GLOBAL OIL PRICES SURGE AS MIDDLE EAST CONFLICT ESCALATES
GLOBAL energy markets have been thrown into turmoil following a sharp escalation in military conflict involving Iran over the weekend, sending crude oil prices to their highest levels in over a year.
As markets opened today, Monday, Brent Crude futures jumped by more than 8%, breaching $79 per barrel. Earlier in the session, prices spiked as high as $82 per barrel, a 14-month high as traders reacted to news of strikes in the region and the effective disruption of shipping through the Strait of Hormuz.
The Strait is a critical artery for global trade, with approximately 20% of the world’s oil supply passing through its waters. Reports indicate that tanker traffic has significantly slowed or halted due to security concerns and the withdrawal of insurance coverage for vessels in the area.
Market analysts warn that if the disruption persists, oil prices could potentially test the $100 per barrel mark. Such a surge would likely exert fresh inflationary pressure on global economies, including Zambia, where fuel pump prices are closely tied to international market trends.
In a bid to stabilise the market, eight OPEC+ countries, including Saudi Arabia and Russia, have reportedly agreed to boost production to offset potential supply gaps. However, experts suggest that spare capacity may not be enough to fully bridge the deficit if the blockade in the Gulf continues.

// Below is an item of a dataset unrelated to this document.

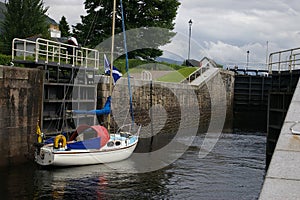 A sailboat through a loch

Back home, stakeholders in the energy and transport sectors are closely monitoring the situation. While the Energy Regulation Board (ERB) usually reviews local prices monthly based on the performance of the Kwacha and international oil costs, the current global volatility remains a point of concern for consumers and businesses alike.
The international community continues to call for de-escalation in the Middle East to prevent a prolonged global energy crisis.